What's been harder for Nashville's reality TV stars to ignore is a considerable amount of negative local reaction, particularly online.
When The Tennessean broke the news on Tuesday that "Crazy Hearts" — which followed the careers and turbulent love lives of young musicians and industry figures — had ended its run, the top-voted reader comments on Facebook called the show "horrible," said it gave Nashville "a sleazy personality" and said its end was a "small miracle."
Brentwood-based nonprofit consultant Abby Farrington Goff, 34, waited until she watched the "Nashville Wives" premiere to decide that she wasn't a fan. Her qualm with the show is a common one: that its "reality" presentation of Nashville — with plenty of catty comments, cocktails and a few Southern stereotypes — doesn't look like the community she knows and loves.
"I think it just seems so out of touch with what really goes on in the city," she said. "I believe in the first episode, they were shooting watermelons with a gun."
The stars of "Nashville Wives" and "Crazy Hearts" said they've anticipated that complaint.
"We're all protective of our town," said "Crazy Hearts" cast member Lee Holyfield, a Nashville native. "I absolutely get that. So skepticism? That's healthy, absolutely. Worry, because who is this, coming into our town and trying to expose our city?"
"Wives" premiered on Feb. 24 to a decent 2.3 rating in the Nashville market — equaling roughly 23,000 homes — but slipped to a 1.1., then a 0.2 in the following weeks.
"Wives" cast member Davidson, a singer-songwriter who will release an EP of country music later this month, said, "I don't think it gets any more Nashville than me, really, to be completely honest. I don't represent the mom that takes her daughter to (Nashville elementary school) Julia Green every day because that's not my life.

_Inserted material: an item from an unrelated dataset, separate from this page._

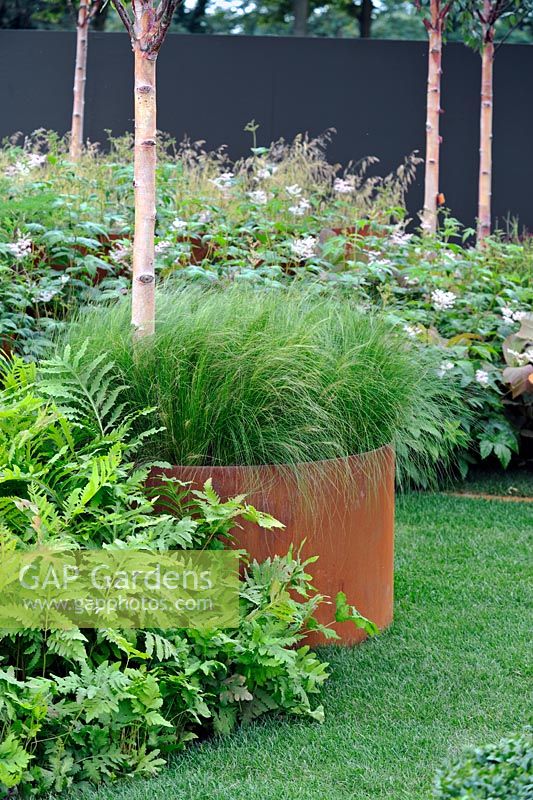Stipa tenuissima with curved steel sheet surround and Betula albosinensis Fascination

But not everybody in Nashville's the same, and that's what really is awesome about it. It's a collection of so many different personalities."
Another perception the "Crazy Hearts" cast members are trying to fight: that the show was a ratings failure. Holyfield believes their fate could have been different on a network other than A&E, which is used to massive reality hits such as "Duck Dynasty."
"They promised advertisers 'Duck Dynasty' viewership, and that's what advertisers are paying for," she said.
The show premiered on A&E immediately after "Dynasty," and though it failed to maintain its "lead-in" audience, it continued to attract roughly 1 million viewers per week before moving to Saturdays at 1 p.m., where it continued to pull 700,000 viewers.
Among those were devoted fans like Tonya Carlton-Craney of Greenfield, Ind. The 33-year-old stay-at-home mom said she was "hooked" by the show's romance. The show has made her think about making a trip to Nashville to see the cast members in concert.
Stories like those are a point of pride for "Crazy Hearts" cast member (and former Tennessean staffer) Heather Byrd, who was a key force behind the show and helped assemble its cast.
"I'm really proud of it," she said. "We would all love to have some more glory with it, but I think we're realistic, as well. None of us went into this project thinking that we were going to start raking in the dough on any level, but we were all super excited about it, and we've already had some great opportunities come from being a part of it.
"I think it's impossible to represent what everybody's version of Nashville is in their head," she said. "You just have to tell your own story. So that's what we did."